If he doesn’t call you, what does it mean?

Last night, I ran into a woman I dated once … once. Actually, I was chatting with her friend and when she introduced us, a tiny sensor went off in my Bushmills brain that said, “She looks familiar.” My sensors are less sensitive nowadays, leaving me in embarrassing situations.

“Oh, don’t even act like you don’t remember me.”

“Huh?”

“We had dinner date then went back to my place and I kicked your ass in Foosball.”

“Um…”

“What? You were so butt-hurt about a girl whooping you that you forgot to call?”

“I … but … losing in Foosball? That’s impossible.”

“Pathetic.”

“I think you have me confused with someone else.”

“No. You’re an author from Philadelphia. You drove a white Infiniti.”

Holy fucking shit. I’m such an ass.

“I’m just messing with you. Of course, I remember.”

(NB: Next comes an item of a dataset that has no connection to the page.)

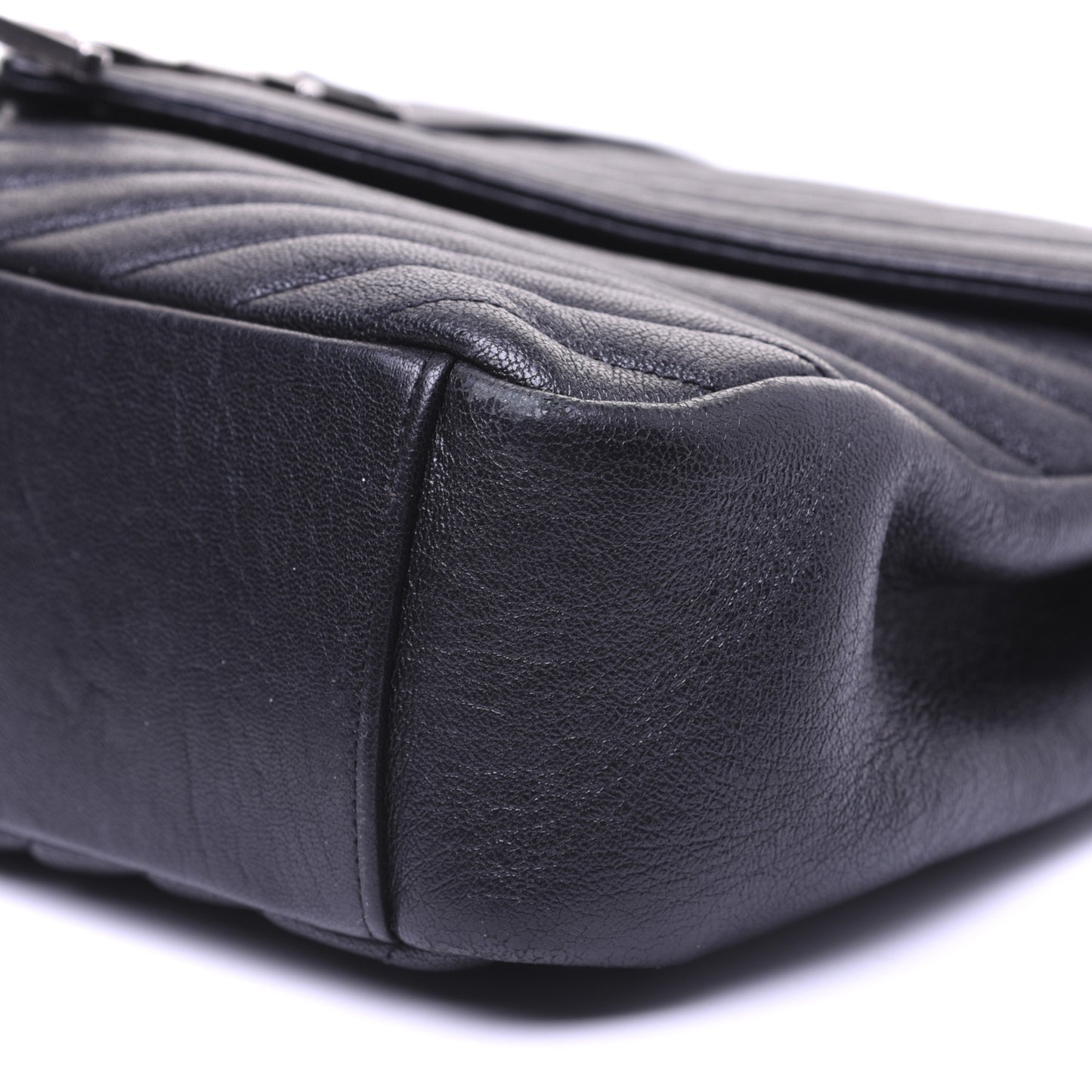 Sheepskin Matelasse Chevron Monogram Large College Satchel Black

“Right. Let’s go, Betsy. Buh-bye, loser.”

Off they went. Well, I didn’t take a chardonnay bath so it could have been worse. Her friend was cute, but my chances were diminished now that Ms. Jilted tore me a new one.

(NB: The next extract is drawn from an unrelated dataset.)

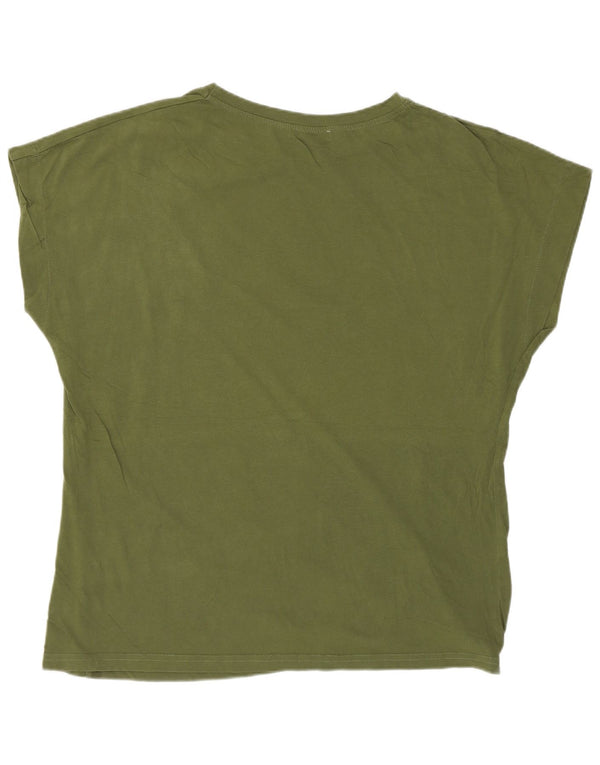Tricou cu grafic pentru femei Zara UK 16 mare bumbac kaki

Honestly, I don’t remember her or the date. I’ve dated numerous women since becoming single eight years ago. I can’t expect to recall every detail of every date, can I? I don’t think we had sex. Hm. Nope. I usually remember that. She probably had an annoying dog or halitosis. Whatever the reason, if I didn’t call her, I must not have been that into her so I did her a favor by tossing her back. It was only one date. How could she be sufficiently into me to hold such a grudge?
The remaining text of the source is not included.